So we did the simple thing of you do a letter
that jumps you to the first contact with that letter.
You do one more letter.
We sort of take that as additional input
and continue filtering.
And so the thing you realize with this
is that you get to your contacts
in about one or two gestures.
Each letter of the alphabet is no more
than three steps away, right?
So if you wanted to do a "C," you go "A, B, C."
So that's about the longest.
Because if you want to do a "D,"
you go to "E" and go back to "D."
So you get very good at this very quickly.
And the color coding sort of helps you to learn it,
but once you learned it, you do it
without looking at all.
And the contact filter thing is very, very nice,
because you can really filter through your contacts
very rapidly with this.
Flip to the next slide.
So finally, the part about the best way
of solving some hard problems is to get rid of them.
How do you edit contacts?
It's best not to edit contacts on the phone.
Nobody does that, right?
What do you do particularly if you want
your friend's phone number?
You say, "Could you call me so I get it in the call log
and I can add you there?"
That's right.
That's why we all do it.
Well, because Android talks to the cloud,
there's an even better way of doing it,
which is just to use your Gmail contact list.

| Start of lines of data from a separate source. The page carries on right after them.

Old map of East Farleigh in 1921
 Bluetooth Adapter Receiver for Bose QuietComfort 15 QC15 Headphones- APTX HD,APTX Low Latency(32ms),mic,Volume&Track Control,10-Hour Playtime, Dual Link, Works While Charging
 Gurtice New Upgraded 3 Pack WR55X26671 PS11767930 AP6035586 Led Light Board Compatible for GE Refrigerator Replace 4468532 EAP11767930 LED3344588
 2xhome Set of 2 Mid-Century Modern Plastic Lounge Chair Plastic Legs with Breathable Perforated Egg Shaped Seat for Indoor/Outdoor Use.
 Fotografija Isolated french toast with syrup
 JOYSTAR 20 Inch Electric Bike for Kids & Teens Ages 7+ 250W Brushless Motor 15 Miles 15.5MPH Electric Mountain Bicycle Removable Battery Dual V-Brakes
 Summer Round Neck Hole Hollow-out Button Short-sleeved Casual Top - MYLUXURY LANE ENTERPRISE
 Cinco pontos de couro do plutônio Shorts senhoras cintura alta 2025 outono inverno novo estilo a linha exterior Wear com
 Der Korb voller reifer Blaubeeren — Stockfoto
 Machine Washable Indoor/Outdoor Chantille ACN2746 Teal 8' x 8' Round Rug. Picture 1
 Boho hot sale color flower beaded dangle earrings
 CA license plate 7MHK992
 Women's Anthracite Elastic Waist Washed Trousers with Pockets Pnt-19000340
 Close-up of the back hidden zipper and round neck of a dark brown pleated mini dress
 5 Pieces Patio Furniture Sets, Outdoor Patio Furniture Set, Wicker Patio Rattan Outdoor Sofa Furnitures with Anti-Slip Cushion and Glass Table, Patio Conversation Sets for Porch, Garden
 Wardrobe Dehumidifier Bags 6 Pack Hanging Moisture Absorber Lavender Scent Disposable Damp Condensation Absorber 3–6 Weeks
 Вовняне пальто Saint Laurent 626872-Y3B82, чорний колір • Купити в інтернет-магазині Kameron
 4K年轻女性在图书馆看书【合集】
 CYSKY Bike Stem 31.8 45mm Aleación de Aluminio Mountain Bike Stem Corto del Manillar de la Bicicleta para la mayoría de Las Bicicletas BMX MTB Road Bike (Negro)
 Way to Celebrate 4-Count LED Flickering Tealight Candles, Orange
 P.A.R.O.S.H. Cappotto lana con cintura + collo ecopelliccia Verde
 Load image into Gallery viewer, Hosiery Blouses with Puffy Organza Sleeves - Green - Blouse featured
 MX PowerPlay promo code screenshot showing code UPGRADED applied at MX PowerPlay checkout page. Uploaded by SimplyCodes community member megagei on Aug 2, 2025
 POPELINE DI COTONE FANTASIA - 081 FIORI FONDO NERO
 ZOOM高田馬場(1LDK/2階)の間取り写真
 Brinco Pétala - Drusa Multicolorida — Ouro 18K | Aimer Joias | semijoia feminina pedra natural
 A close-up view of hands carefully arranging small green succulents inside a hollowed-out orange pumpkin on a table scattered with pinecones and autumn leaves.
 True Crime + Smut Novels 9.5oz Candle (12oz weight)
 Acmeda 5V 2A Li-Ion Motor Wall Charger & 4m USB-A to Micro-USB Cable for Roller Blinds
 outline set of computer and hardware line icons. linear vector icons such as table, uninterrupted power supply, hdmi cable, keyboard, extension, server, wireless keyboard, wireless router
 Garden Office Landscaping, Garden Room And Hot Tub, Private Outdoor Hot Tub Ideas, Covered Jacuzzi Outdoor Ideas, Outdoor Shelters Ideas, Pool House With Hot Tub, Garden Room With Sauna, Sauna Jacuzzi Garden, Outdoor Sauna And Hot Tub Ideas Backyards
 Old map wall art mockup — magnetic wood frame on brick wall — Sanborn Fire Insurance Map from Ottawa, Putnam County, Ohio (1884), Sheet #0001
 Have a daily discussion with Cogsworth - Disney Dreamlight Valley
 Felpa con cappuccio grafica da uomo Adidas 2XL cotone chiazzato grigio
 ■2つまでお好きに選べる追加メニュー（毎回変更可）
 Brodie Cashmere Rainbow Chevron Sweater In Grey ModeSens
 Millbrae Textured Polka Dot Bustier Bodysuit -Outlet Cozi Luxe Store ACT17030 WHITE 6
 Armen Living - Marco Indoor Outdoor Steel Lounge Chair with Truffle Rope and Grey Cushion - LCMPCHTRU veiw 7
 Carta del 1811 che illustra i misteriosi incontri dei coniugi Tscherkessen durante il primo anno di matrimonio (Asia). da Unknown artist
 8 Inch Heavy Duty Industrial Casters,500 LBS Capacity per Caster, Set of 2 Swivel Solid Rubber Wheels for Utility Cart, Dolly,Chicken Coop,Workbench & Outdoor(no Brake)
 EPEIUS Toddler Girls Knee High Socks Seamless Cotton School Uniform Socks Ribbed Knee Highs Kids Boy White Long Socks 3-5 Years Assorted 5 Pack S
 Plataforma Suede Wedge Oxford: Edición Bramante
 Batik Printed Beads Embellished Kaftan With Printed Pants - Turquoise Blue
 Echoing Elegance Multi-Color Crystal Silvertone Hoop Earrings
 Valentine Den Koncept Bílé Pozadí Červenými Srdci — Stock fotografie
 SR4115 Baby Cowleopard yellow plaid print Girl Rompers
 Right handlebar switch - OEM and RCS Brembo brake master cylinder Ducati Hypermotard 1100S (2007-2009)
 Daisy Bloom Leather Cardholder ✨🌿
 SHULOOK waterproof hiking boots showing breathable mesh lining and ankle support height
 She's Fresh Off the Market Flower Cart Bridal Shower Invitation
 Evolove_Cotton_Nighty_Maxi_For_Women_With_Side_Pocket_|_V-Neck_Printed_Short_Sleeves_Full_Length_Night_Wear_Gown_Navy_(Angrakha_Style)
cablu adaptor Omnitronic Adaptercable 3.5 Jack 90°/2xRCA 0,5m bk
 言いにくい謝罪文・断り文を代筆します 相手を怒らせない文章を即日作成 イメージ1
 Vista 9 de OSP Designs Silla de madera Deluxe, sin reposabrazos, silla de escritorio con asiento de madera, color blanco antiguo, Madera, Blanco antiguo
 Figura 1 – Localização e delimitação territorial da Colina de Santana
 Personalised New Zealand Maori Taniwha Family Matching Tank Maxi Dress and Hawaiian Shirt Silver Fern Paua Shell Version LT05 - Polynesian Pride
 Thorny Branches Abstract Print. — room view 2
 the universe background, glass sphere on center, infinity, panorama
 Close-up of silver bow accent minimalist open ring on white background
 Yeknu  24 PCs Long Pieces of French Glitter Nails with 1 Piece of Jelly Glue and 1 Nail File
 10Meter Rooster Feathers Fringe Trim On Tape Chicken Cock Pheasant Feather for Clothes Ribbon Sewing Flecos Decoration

So I actually edit all my contacts online
and it shows up on the phone.
That's great.
And if I meet people at events like this,
then I do the age-old click of,
"Oh, please give me a call and I'll add you to the call log."
So that's how we do contacts.
[indistinct]
Chen: Oh, sure.
And actually it's my turn now.
Raman: Exactly. That's why I wanted a word.
So from here on, we'll sort of go through
all the technologies that we use to implement all this.
I'll let Charles talk about the TTS library,
the gesture library, and all kinds of good stuff.
Chen: So, hello, everyone.
So I just have a quick question before I start.
How many of you saw the keynote yesterday
and the TTS demo?
Awesome.
Now how many of you here, you know,
are interested in writing TTS apps
or have written a TTS app or, you know,
currently working on one?
Wow, this is fantastic.
So I just want to say thank you.
You know, developer interest is very important
and the interest that has been shown to the TTS library so far
has been one of the factors in getting TTS
into the base platform.
So give yourselves a round of applause.
[applause]
And so with that being said, you know, we don't--
It's going to come in Donut, but for right now,
if you want to get a head start and start working
on talking applications, the APIs will be very similar.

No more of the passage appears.